EXERCISE → The expected output is an exact copy of each line from the line with "Virtually staged living" through the end of the data below, with no pictures in it.

EXERCISE DATA →
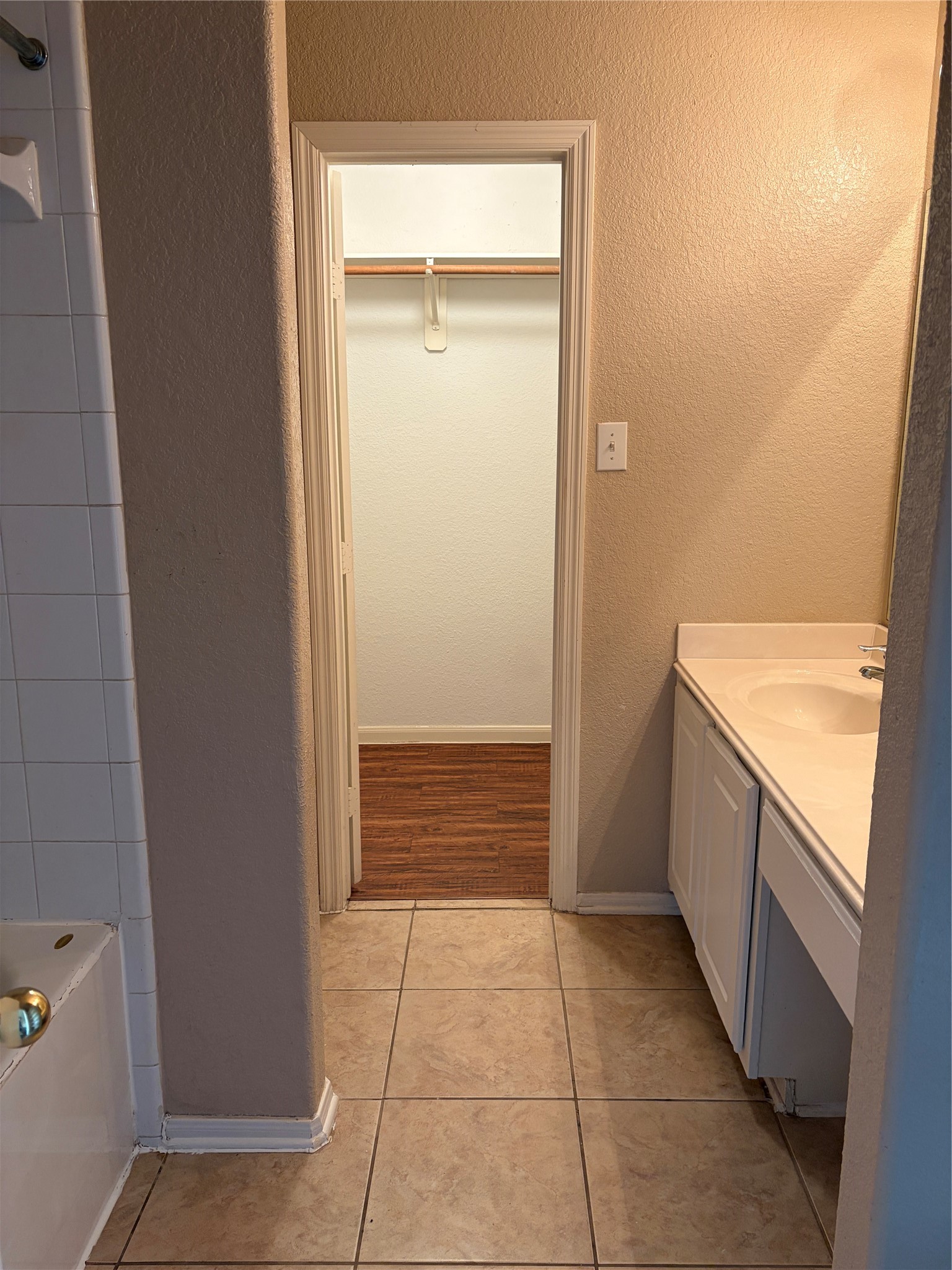 13230 Montclair Point Court Houston, TX 77047 - Photo 12 of 16 a bathroom with a granite countertop sink and washing machine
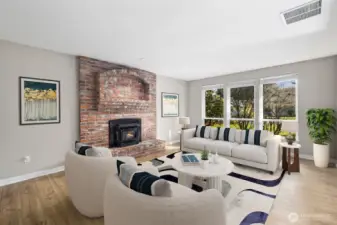 Virtually staged living room with brick fireplace, hardwood floors, and large windows in this Heritage Glen Puyallup home.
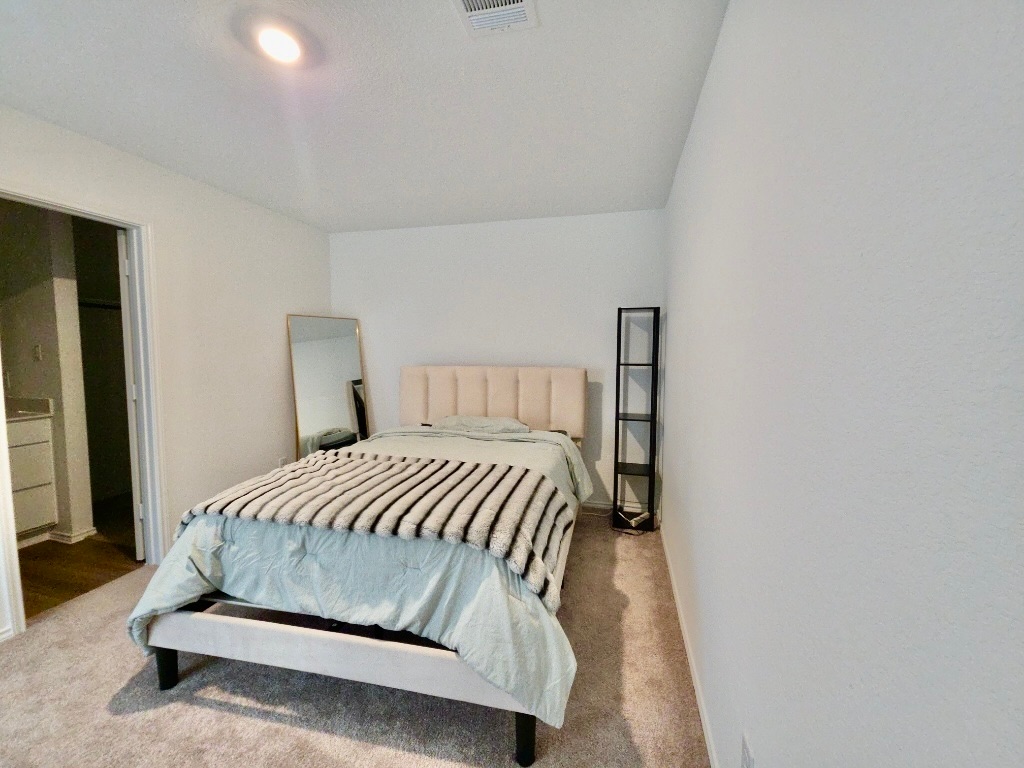 1489 Soapstone Pass Maxwell, TX 78656 - Photo 9 of 20 a bedroom with a bed and a night stand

WRITTEN REPLY →
 Virtually staged living room with brick fireplace, hardwood floors, and large windows in this Heritage Glen Puyallup home.
 1489 Soapstone Pass Maxwell, TX 78656 - Photo 9 of 20 a bedroom with a bed and a night stand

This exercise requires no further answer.